Outgoing Garrison Commander Col. Jason Wolter offered Liberty County Chamber of Commerce members an update on Fort Stewart’s recent accomplishments and challenges during a Progress through People luncheon May 23.
Wolter announced that Fort Stewart earned the Army Community of Excellence (ACOE) award for the seventh time. The installation won the ACOE in 2004, 2005, 2006, 2009, 2012, 2015 and 2019, according to the Fort Stewart public affairs office. A ceremony to recognize area communities for their efforts and support over the years in helping Stewart-Hunter achieve and sustain its status as an ACOE was scheduled for May 28.
Wolter said the installation has come into a season of transition. A change of command ceremony for outgoing 3rd ID Commander Maj. Gen. Lee Quintas and incoming Commander Maj. Gen. Antonio A. Aguto will be held June 3. Quintas moves on to be the Deputy Commanding General for U.S. Army Forces Command at Fort Bragg, N.C., according to public affairs. Aguto was most recently the Deputy Chief of Staff, G-3/5/7, for U.S. Army Forces Command at Fort Bragg, N.C.
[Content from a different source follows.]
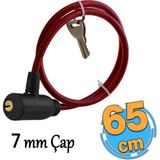 Bisiklet Halat Zincir Kilidi 65 Cm Çelik Kilit Çap 10 Mm Ø Hırsız Önle Güvenlik 1 Adet Kırmızı Renk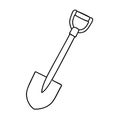 Clean outline drawing of a shovel minimalistic design for coloring page Royalty Free Stock Photo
Wolter will hand the garrison command over to Col. Bryan Logan on June 19, he said. Wolter added that a French general, Brig. Gen. Hubert Cottereau, has been assigned as a deputy commanding general for the 3rd ID as part of the U.S. Army’s Military Personnel Exchange Program. Cotterau’s assignment is the first reciprocal general officer exchange with France, according to the Fort Stewart/Hunter Army Airfield website.
The colonel also touched on the post’s military housing situation. Recent news reports referencing a survey by the Military Family Advisory network claim residents of privatized post housing – including 70 responses from those on Fort Stewart – have experienced major maintenance issues, to include pests, water damage and mold. Wolter said these issues are being addressed, adding that the installation will release a housing market analysis in August. He said the last report was done in 2014, and that a new assessment is needed as there has been tremendous growth in post infrastructure during the past five years. Wolter said 136 of the older post housing units will be demolished. He said young soldiers no longer want to live in two bedroom, one-bath units any more, and many prefer to live off post and within the community. Wolter commented that the number of Soldiers living in post housing on the installation will likely decrease.
The commander also cited numerous statistics: Fort Stewart and Hunter Army Airfield have a total of 20,266 military personnel, 37,002 spouses and dependents, and 4,153 employees. The installation remains a prime economic driver, with an estimated $1.8 billion spent in the local economy in fiscal year 2017, according to Wolter.